Ich unterdrücke ein Stöhnen, als ich mich durch den Flughafen in Philadelphia bewege. Ich komme direkt aus Chicago und bin hibbelig wie ein Kleinkind im Zuckerrausch, weil ich zu lange sitzen musste. Und, ehrlich gesagt, bin ich ziemlich nervös. Jetzt ist es soweit. Heute Abend findet die Gala statt. Wenn ich Kyle nicht begegne, weiß ich nicht, wie ich ihn sonst erreichen soll. Die einzige Möglichkeit, die mir dann noch bleibt, ist, einen Anwalt einzuschalten. Aber ob das eine gute Idee ist? Immerhin ist es nicht so, dass ich etwas Spezielles von Kyle will. Ich habe somit gar kein Anliegen, das die Zeit eines Anwalts wert ist. Er würde nur mein persönlicher Nachrichtenkurier sein. Ich verlange weder nach Kyles Zeit noch erwarte ich, dass er mir beim Windelwechseln hilft. Ich möchte nur das Richtige tun, indem ich ihm die Neuigkeit mitteile, um danach mit meinem Leben weiterzumachen. Eventuell sollte ich mir seine Telefonnummer geben lassen, falls das Kind eines Tages seinen Vater anrufen möchte.
Warum ist es so kompliziert, sich richtig zu verhalten?
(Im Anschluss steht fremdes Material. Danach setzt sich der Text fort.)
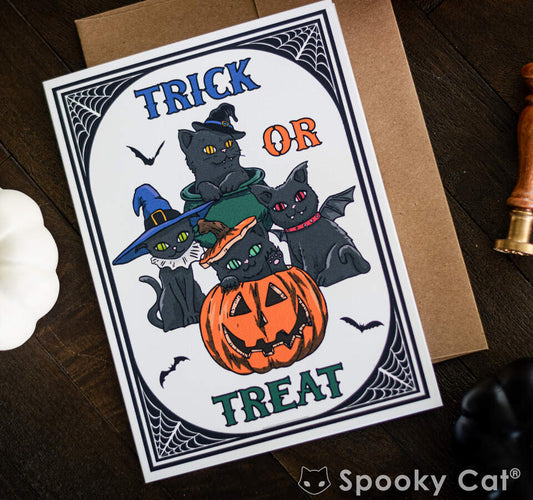 Black Cat Cute Halloween Card. Black kitties in a pumpkin and witch hat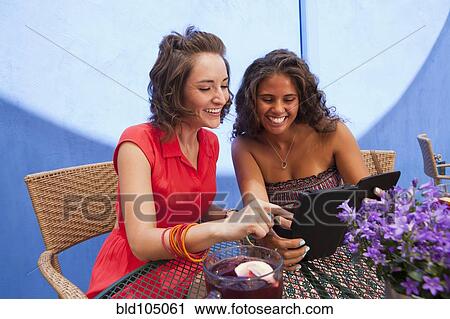 Friends looking at digital tablet together View Large Photo Image Stock Image - Friends looking at digital tablet together. Fotosearch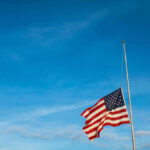 American flag at half-mast against a clear blue sky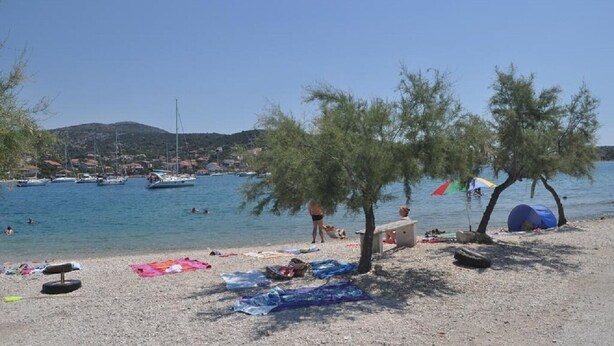 Una playa con barcos, tiendas de campaña y gente.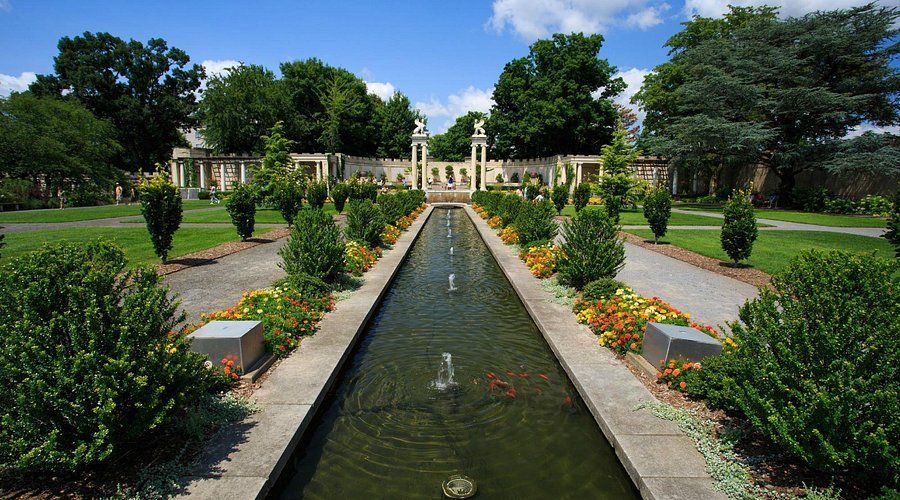 A long pond with a fountain in the middle of it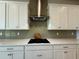 Close-up of modern stovetop and hood with shaker cabinets and subway tile backsplash at 3108 Firethorn Cir, Daytona Beach, FL 32124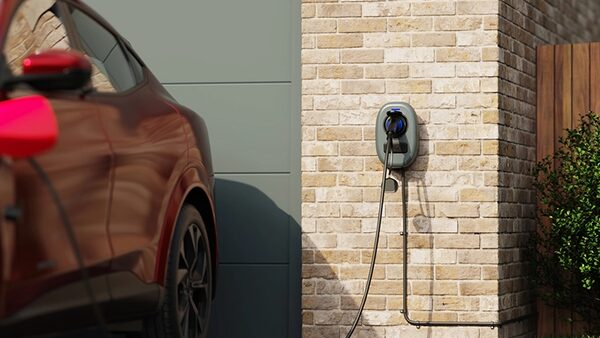 A wall-mounted EV charge point on a brick house exterior with a charging cable running to a parked red car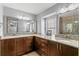 Bathroom with granite counters, double sinks, wooden cabinets, and a framed mirror at 4506 W Beachway Dr, Tampa, FL 33609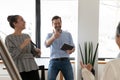 Overjoyed diverse colleagues having fun at meeting, laughing at joke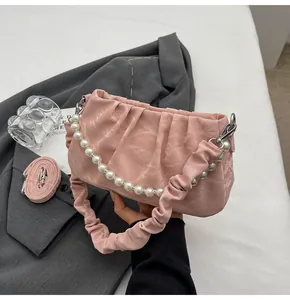 Detail der rosa gerafften Cloud-Tasche mit Perlenkette und Marmortextur-Oberfläche
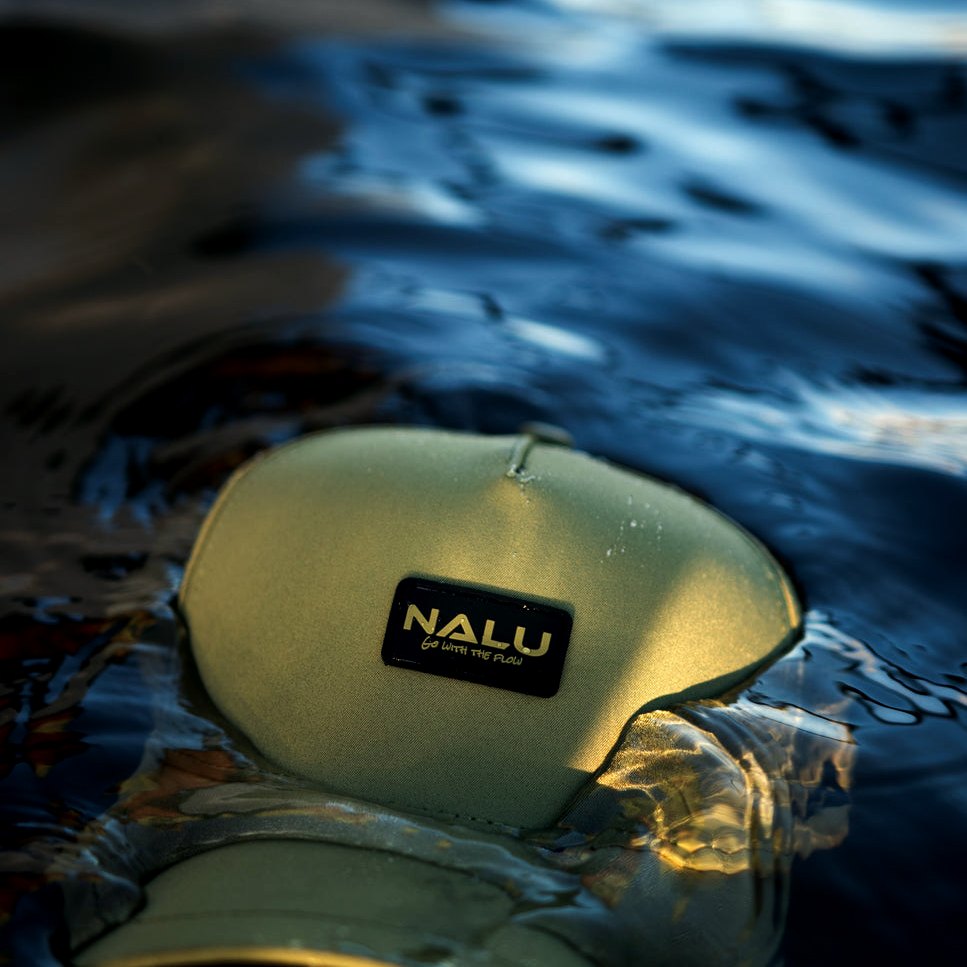 Nalu Green Waterproof Hat, floating on the water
Das ist auf so vielen Ebenen ungerecht. Aber ich werde tun, was nötig ist, um die Sache zivilisiert zu lösen. Für das Baby. Eines Tages muss ich in der Lage sein, eine passende Geschichte darüber zu spinnen, woher er oder sie kommt. Ich habe mich schon für etwas entschieden: Wir haben nicht zueinander gepasst, aber wir haben dich, und das ist alles, was zählt.
Ich seufze erneut und wippe mit dem rechten Fuß. Diese Geschichte klingt selbst für mich lahm, aber mir bleibt noch etwas Zeit, um daran zu feilen. Bis das Kind Fragen hat, werden ein paar Jahre ins Land gezogen und die Details nicht mehr so wichtig sein. Alles wird so weit in der Vergangenheit liegen, dass nicht wichtig ist, ob hinter nicht zueinander passen in Wirklichkeit One-Night-Stand steckt, denn deinDad hatte ein umwerfendes Lächeln und Bauchmuskeln wie ein griechischer Gott. Bis das Kind Interesse an seiner Herkunft zeigt, wird genug Wasser den Bach hinuntergeflossen sein, dass man die Fakten ein wenig verdrehen kann. Und Kyle ist bis dahin hoffentlich zwanzig Kilo schwerer und glatzköpfig.
Oh, das war gemein. Wahrscheinlich wird er mit zunehmendem Alter nur noch heißer. So wie es bei den meisten Männern ist. Und ich werde mich für ihn freuen, so wie es nette Menschen tun.
Es sei denn, ich muss einen Anwalt einschalten. Jede Story, in der ein Anwalt vorkommt, lässt sich nur schwer in etwas Romantisches verklären. Ich kann mir gar nicht vorstellen, wie viel das kosten würde, geschweige denn, was es für die Spielfilmadaption unseres Familiendramas bedeuten würde. Nicht dass ich daran interessiert bin, irgendwas davon an die große Glocke zu hängen. Ich mag Glocken nicht einmal.
Ich frage mich, ob sich Kyle an meinen Namen erinnert? Habe ich ihm überhaupt meinen Nachnamen genannt? Ich glaube nicht. In meiner Vorstellung sehe ich ihn bereits mit seinem Anwaltsteam in einer wöchentlichen Sitzung, in der sie meine Angelegenheit besprechen. Ich möchte sterben. Der letzte Punkt auf der Tagesordnung, Mr Kingston: Eine Miss Daisy Hayden möchte Ihnen mitteilen, dass Sie Vater werden. Sie bittet Sie, einen Auffrischungskurs in Sachen Kondombenutzung zu besuchen und ihr ihre Kamera zurückzugeben. Würde das diese Leute aufhorchen lassen? Oder bestiehlt er all seine One-Night-Stands? Spinner.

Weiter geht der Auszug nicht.